Brief descriptive captions
====
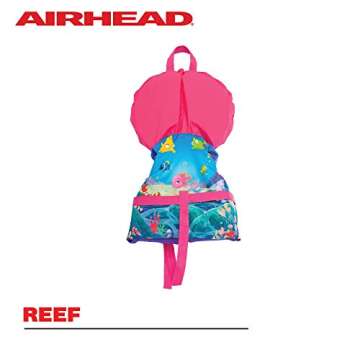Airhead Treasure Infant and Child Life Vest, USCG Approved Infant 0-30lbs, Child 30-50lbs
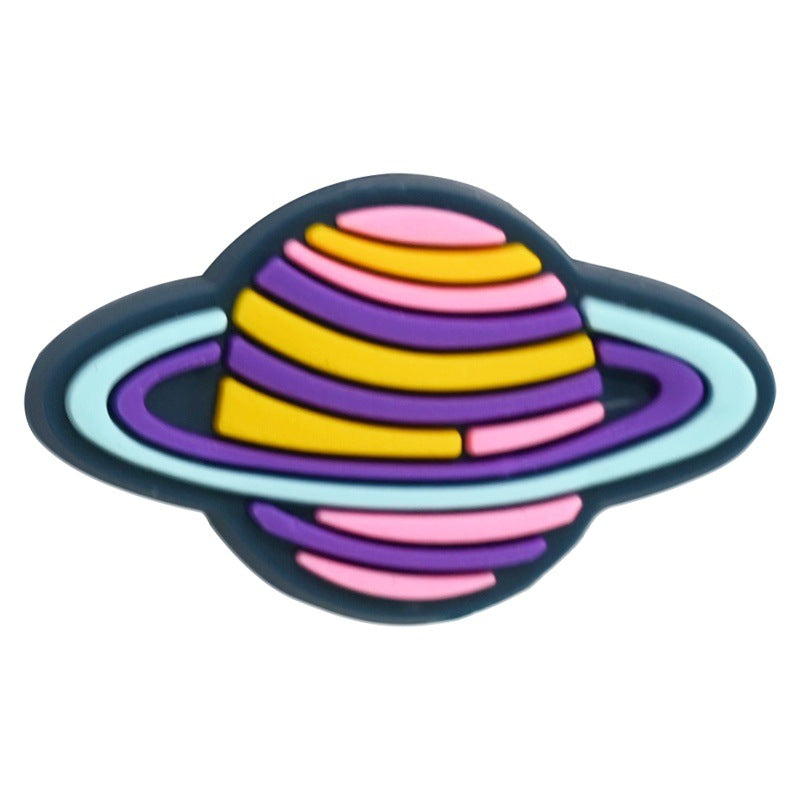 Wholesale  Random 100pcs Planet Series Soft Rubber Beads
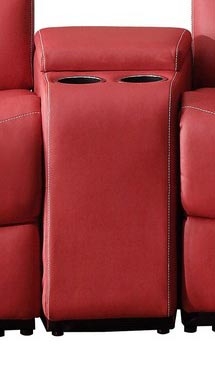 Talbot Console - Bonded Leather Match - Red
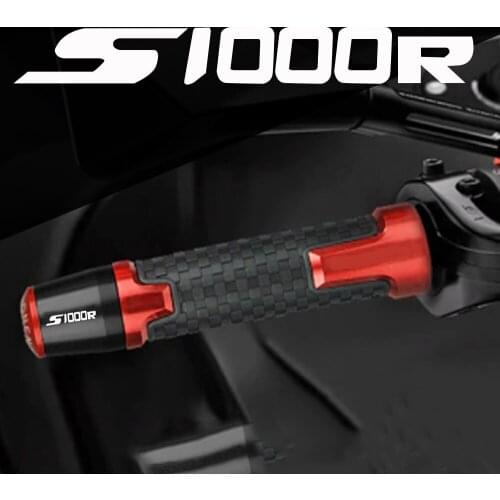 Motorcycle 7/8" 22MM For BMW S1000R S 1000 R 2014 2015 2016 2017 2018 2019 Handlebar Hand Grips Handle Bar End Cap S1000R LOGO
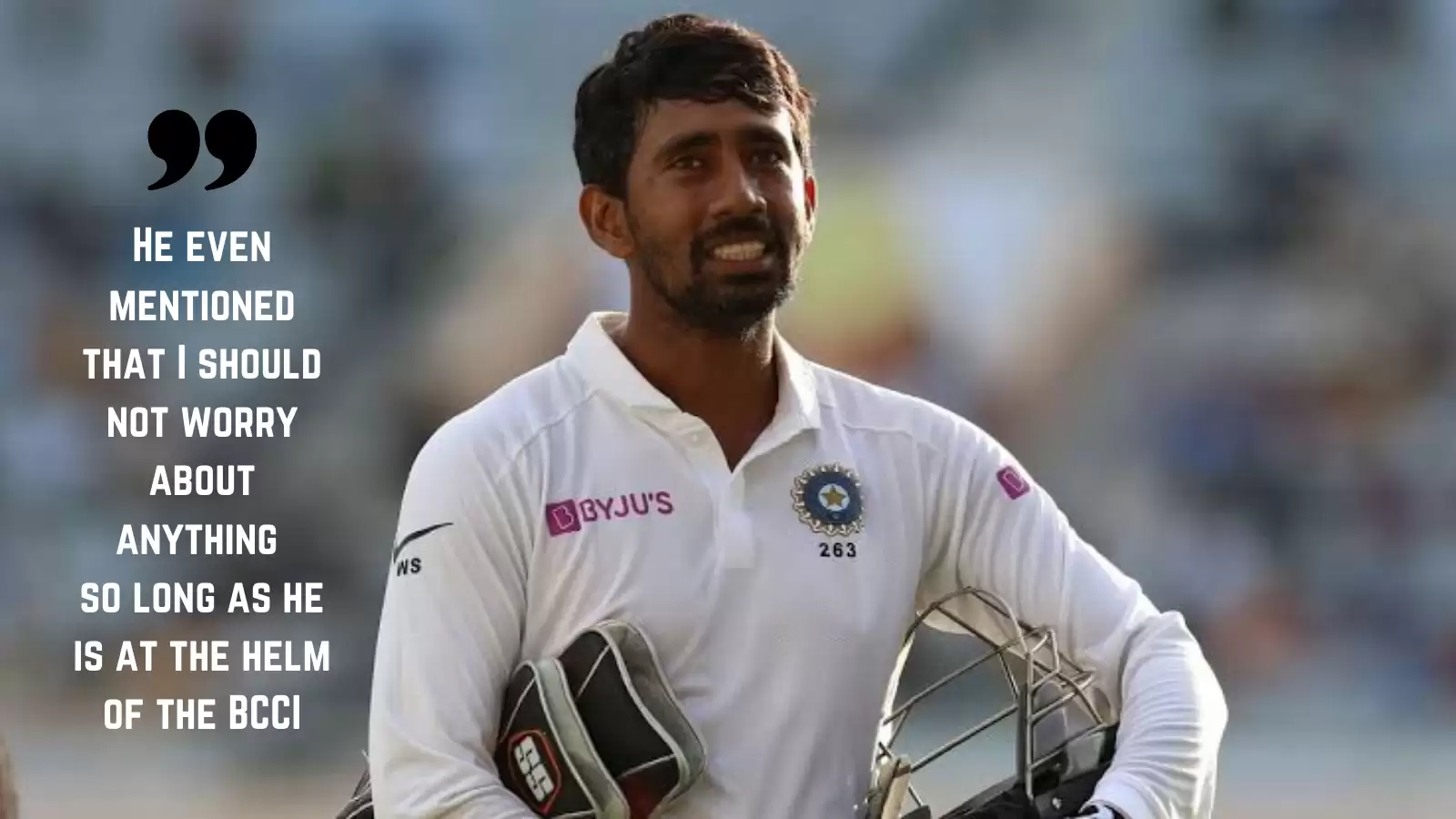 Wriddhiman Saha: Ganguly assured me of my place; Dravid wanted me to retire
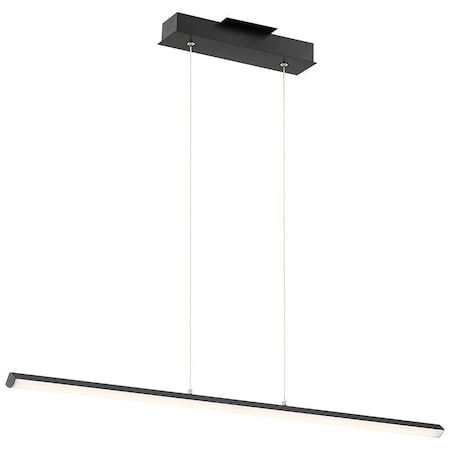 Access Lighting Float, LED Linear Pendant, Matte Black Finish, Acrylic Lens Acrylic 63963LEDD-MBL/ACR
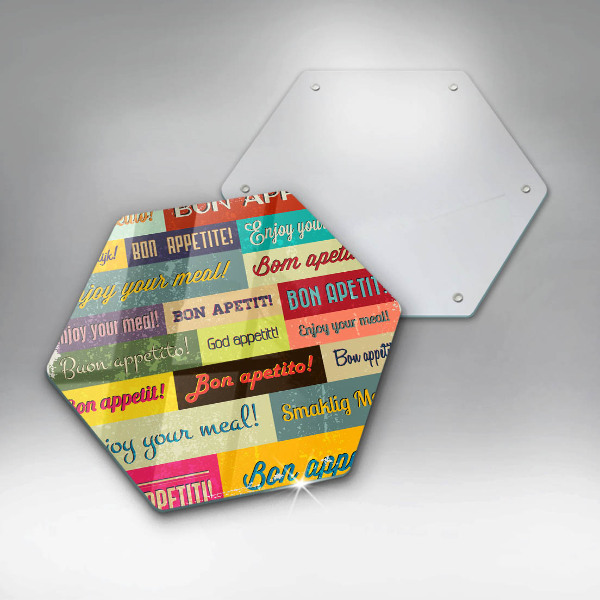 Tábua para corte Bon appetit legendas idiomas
====
### Task instructions
Please print out the entries above exactly. The pictures stay out.

### Answer space
Airhead Treasure Infant and Child Life Vest, USCG Approved Infant 0-30lbs, Child 30-50lbs
 Wholesale  Random 100pcs Planet Series Soft Rubber Beads
 Talbot Console - Bonded Leather Match - Red
 Motorcycle 7/8" 22MM For BMW S1000R S 1000 R 2014 2015 2016 2017 2018 2019 Handlebar Hand Grips Handle Bar End Cap S1000R LOGO
 Wriddhiman Saha: Ganguly assured me of my place; Dravid wanted me to retire
 Access Lighting Float, LED Linear Pendant, Matte Black Finish, Acrylic Lens Acrylic 63963LEDD-MBL/ACR
 Tábua para corte Bon appetit legendas idiomas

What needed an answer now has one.